RECORDED DATA ::
┌────────
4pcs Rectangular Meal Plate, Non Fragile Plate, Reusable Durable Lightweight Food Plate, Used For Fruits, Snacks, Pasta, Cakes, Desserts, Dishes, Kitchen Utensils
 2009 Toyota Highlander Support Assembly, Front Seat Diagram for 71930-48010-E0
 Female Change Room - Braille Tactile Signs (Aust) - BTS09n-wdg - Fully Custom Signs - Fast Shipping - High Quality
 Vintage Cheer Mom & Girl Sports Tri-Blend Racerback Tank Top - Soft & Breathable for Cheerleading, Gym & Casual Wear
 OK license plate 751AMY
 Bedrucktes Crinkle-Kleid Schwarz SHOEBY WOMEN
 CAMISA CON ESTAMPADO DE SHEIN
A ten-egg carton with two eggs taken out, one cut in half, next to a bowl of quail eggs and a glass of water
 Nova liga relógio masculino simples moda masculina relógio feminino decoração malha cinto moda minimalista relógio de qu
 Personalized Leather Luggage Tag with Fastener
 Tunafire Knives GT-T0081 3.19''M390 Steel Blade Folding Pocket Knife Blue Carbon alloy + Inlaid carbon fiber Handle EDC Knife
└────────
YOUR ASSIGNMENT ::
Word for word, print the listing above once more.

TASK RESPONSE ::
4pcs Rectangular Meal Plate, Non Fragile Plate, Reusable Durable Lightweight Food Plate, Used For Fruits, Snacks, Pasta, Cakes, Desserts, Dishes, Kitchen Utensils
 2009 Toyota Highlander Support Assembly, Front Seat Diagram for 71930-48010-E0
 Female Change Room - Braille Tactile Signs (Aust) - BTS09n-wdg - Fully Custom Signs - Fast Shipping - High Quality
 Vintage Cheer Mom & Girl Sports Tri-Blend Racerback Tank Top - Soft & Breathable for Cheerleading, Gym & Casual Wear
 OK license plate 751AMY
 Bedrucktes Crinkle-Kleid Schwarz SHOEBY WOMEN
 CAMISA CON ESTAMPADO DE SHEIN
A ten-egg carton with two eggs taken out, one cut in half, next to a bowl of quail eggs and a glass of water
 Nova liga relógio masculino simples moda masculina relógio feminino decoração malha cinto moda minimalista relógio de qu
 Personalized Leather Luggage Tag with Fastener
 Tunafire Knives GT-T0081 3.19''M390 Steel Blade Folding Pocket Knife Blue Carbon alloy + Inlaid carbon fiber Handle EDC Knife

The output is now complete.